Monologues are fine if we are listening to an enjoyable comedian or talk show host. But not in everyday life. Have you ever met someone who talks incessantly and never lets you get a word in edgewise? Their monologuing makes us feel uncomfortable and belittled; they are not interested in our opinions, only in expressing their own. So, we are not apt to befriend them and maybe even avoid them.
On the other hand, most people enjoy dialogue—meaningful conversations in which each person finds common ground and shares ideas and viewpoints. Real learning happens when we meet others halfway and wrestle with concepts that are new to us. Conversations of consequence are always dialogues.
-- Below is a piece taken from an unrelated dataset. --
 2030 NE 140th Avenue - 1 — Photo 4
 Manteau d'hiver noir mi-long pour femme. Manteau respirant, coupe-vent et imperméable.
In this series, apologist Michael Bossman leads us on a journey of learning how to engage in meaningful discourse about our faith. He is the founder of Y2 Believe, whose mission is to prepare college students to winsomely articulate a rational basis for Christianity. Bossman hopes to help us involve others in consequential discussion about our faith without feeling uneasy or awkward. These “Conversations of Consequence” are brief dialogues that often tether specific facts from history, philosophy, and science with Christian beliefs rooted in Scripture. They are not impromptu or off-the-cuff remarks; instead, they are well-thought-out open-ended questions prepared in advance based on clear objectives.
You can learn how to engage your family, friends, and acquaintances in conversations that really matter. Discussions about the big questions of life: Who am I? Why am I here? Who is God? You can learn to be comfortable turning the direction of a conversation toward something more profound. And through active listening, connect with others and expand your relationships while spreading the gospel’s good news.